2017 performance review
Fiscal 2017 was a tough year for Michael Kors (KORS). The company posted a year-over-year (or YoY) sales decline in all four quarters. For fiscal 2017, total sales fell 4.6% YoY to $4.5 billion. Management blamed increasing competition and a highly promotional environment for the slowdown.
Close competitor Coach (COH), however, recorded a 3.9% YoY jump in LTM (last-12-month) sales, which stood at $4.5 billion. The company is in the process of implementing a transformation plan in order to push sales and margins and better compete in the fiercely competitive US retail landscape.
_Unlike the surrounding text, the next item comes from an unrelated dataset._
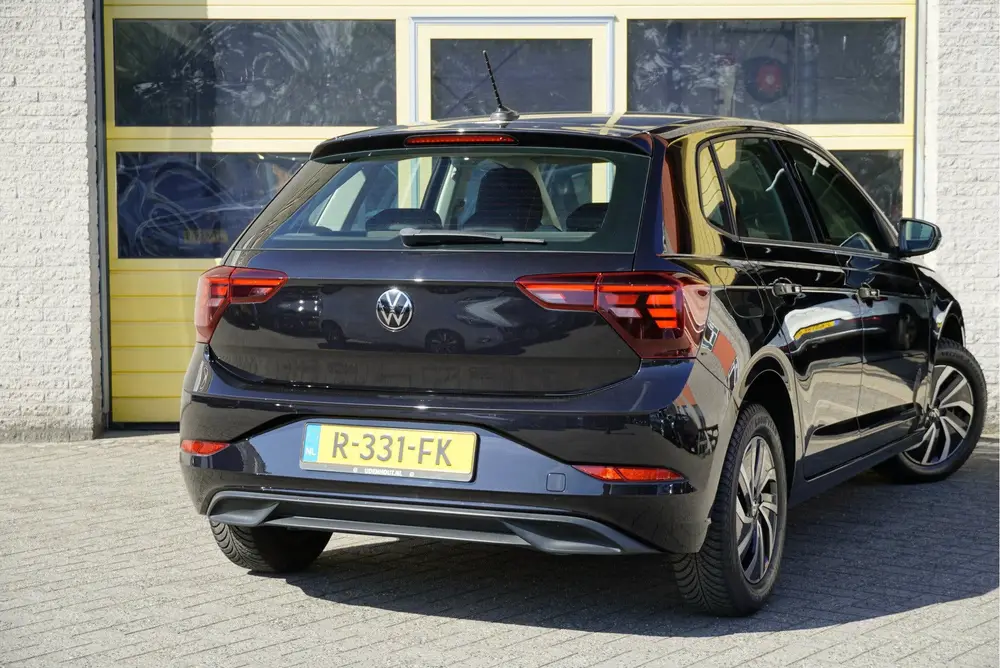 Volkswagen Polo 1.0 TSI Life BJ2022 Lmv 15" | Led V+A | App uit 2022, foto 5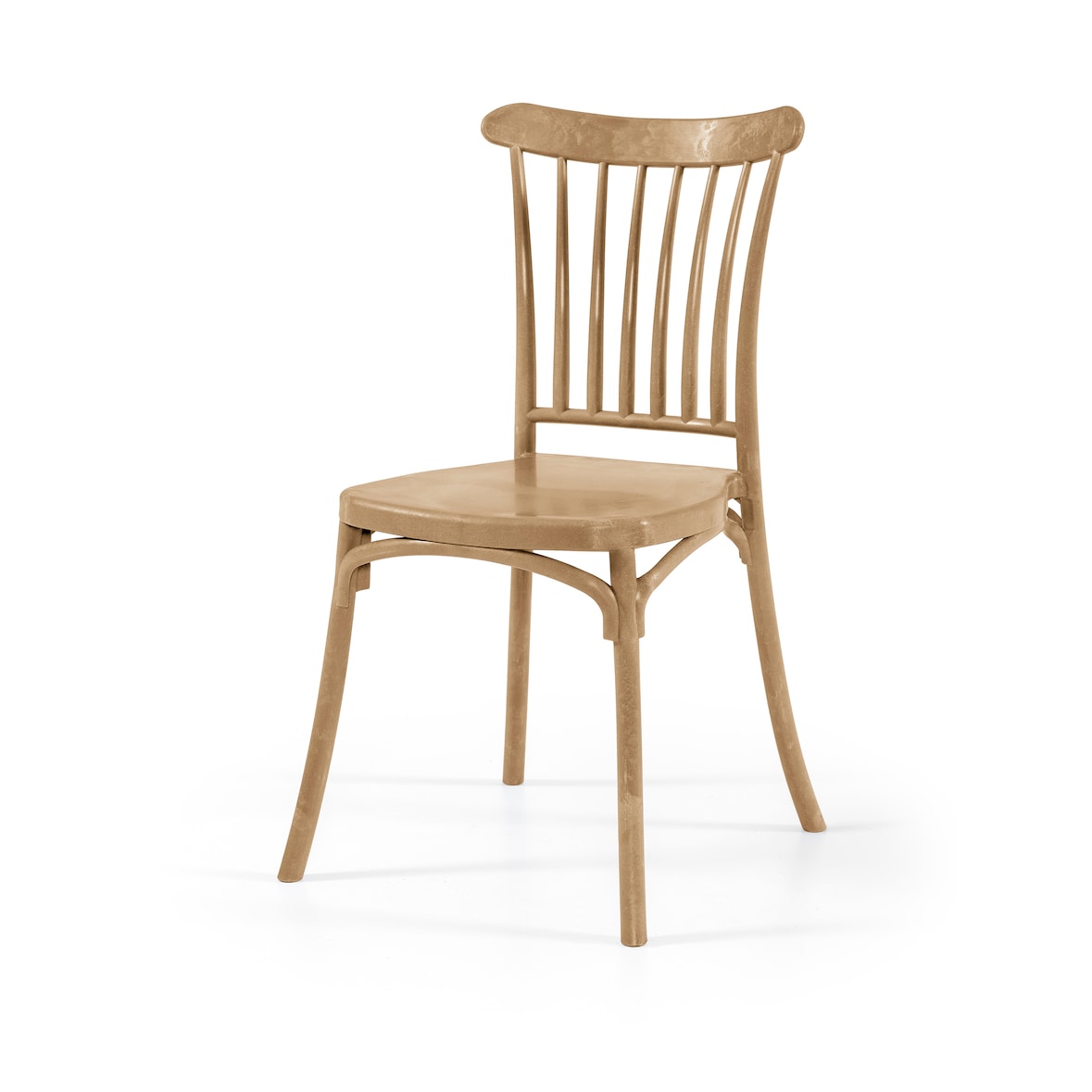 Cadeira Havana Turtle D. Pastel - Pack com 4 unidades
Talking about KORS’ wholesale and retail segments
Both the retail and wholesale businesses remained under pressure in 2017. Comparable-store sales stayed negative through all four quarters, bottoming with a 14% decline in 4Q17.
Wholesale’s performance was even worse. The segment recorded a 17% decline in sales, largely driven by the company’s decision to reduce its departmental store footprint and promotional days.
Looking into 2018
Management expects a further slowdown in fiscal 2018. The top line is forecast to contract more than 5% to $4.25 billion, mainly driven by to tighter inventory control and reduction in promotional days.
Wholesale net sales are projected to decline at a low-teens rate. Retail sales are likely to remain flat with a high single-digit rate decline in sales comps. The company also plans to close 20 to 40 full-price stores in fiscal 2018 and another 80 to 85 stores next year.
For the first quarter of 2018, management has predicted a 6% to 8% decline in the top line. Sales comps are likely to fall at a high single-digit rate during the quarter.
ETF investors seeking to add exposure to KORS can consider the iShares Edge MSCI Multifactor Consumer Discretionary ETF (CNDF), which invests 1.6% of its portfolio in the company.